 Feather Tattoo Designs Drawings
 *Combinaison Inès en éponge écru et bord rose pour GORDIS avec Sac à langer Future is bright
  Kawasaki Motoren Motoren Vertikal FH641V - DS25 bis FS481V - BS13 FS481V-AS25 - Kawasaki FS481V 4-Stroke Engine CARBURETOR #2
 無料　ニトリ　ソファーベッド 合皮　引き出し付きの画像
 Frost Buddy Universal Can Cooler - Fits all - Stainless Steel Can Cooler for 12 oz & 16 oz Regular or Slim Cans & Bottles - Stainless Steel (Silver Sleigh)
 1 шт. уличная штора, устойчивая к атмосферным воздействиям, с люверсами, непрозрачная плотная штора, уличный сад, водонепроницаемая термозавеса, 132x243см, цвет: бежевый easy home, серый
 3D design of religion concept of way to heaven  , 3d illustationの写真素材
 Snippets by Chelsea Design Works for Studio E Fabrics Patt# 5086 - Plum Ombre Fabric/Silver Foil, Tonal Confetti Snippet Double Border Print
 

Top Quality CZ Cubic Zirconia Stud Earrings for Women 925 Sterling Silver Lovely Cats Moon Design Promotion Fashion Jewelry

---

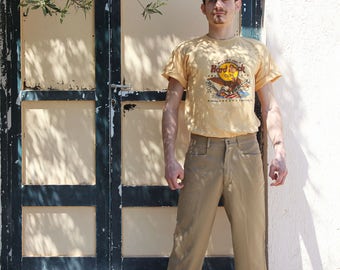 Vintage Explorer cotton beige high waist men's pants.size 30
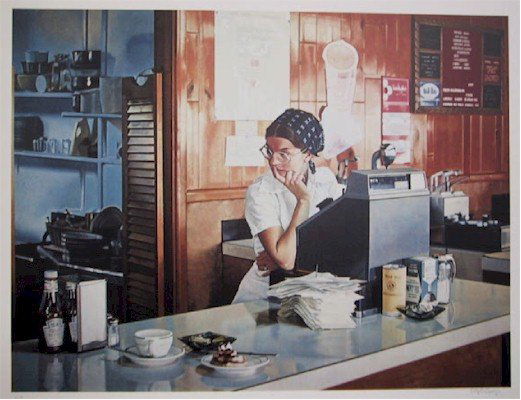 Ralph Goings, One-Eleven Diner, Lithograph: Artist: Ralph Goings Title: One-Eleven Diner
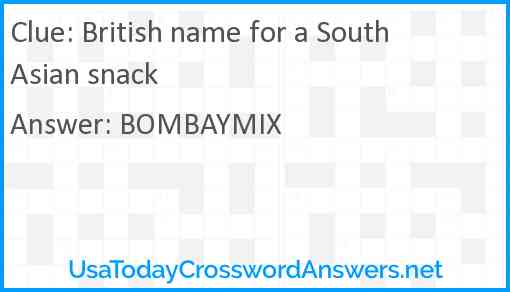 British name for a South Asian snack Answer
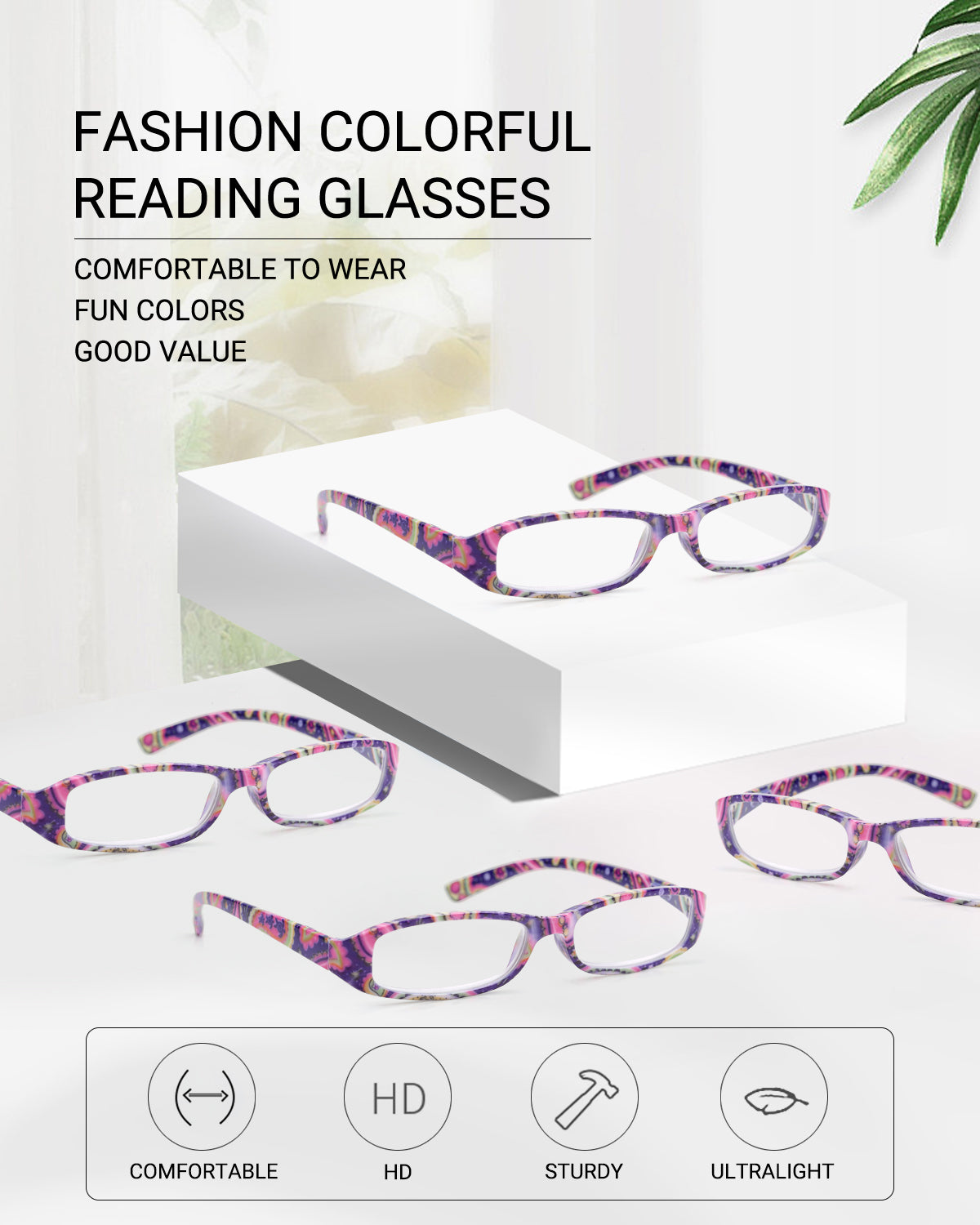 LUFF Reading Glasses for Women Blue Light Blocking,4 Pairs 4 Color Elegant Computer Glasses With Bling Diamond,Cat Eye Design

(Task directions)
Considering only the material above, set down every line from the one with "Feather Tattoo Designs Drawings" to the one with "Top Quality CZ", inclusive, exactly as written.

(Answer to the problem)
 Feather Tattoo Designs Drawings
 *Combinaison Inès en éponge écru et bord rose pour GORDIS avec Sac à langer Future is bright
  Kawasaki Motoren Motoren Vertikal FH641V - DS25 bis FS481V - BS13 FS481V-AS25 - Kawasaki FS481V 4-Stroke Engine CARBURETOR #2
 無料　ニトリ　ソファーベッド 合皮　引き出し付きの画像
 Frost Buddy Universal Can Cooler - Fits all - Stainless Steel Can Cooler for 12 oz & 16 oz Regular or Slim Cans & Bottles - Stainless Steel (Silver Sleigh)
 1 шт. уличная штора, устойчивая к атмосферным воздействиям, с люверсами, непрозрачная плотная штора, уличный сад, водонепроницаемая термозавеса, 132x243см, цвет: бежевый easy home, серый
 3D design of religion concept of way to heaven  , 3d illustationの写真素材
 Snippets by Chelsea Design Works for Studio E Fabrics Patt# 5086 - Plum Ombre Fabric/Silver Foil, Tonal Confetti Snippet Double Border Print
 

Top Quality CZ Cubic Zirconia Stud Earrings for Women 925 Sterling Silver Lovely Cats Moon Design Promotion Fashion Jewelry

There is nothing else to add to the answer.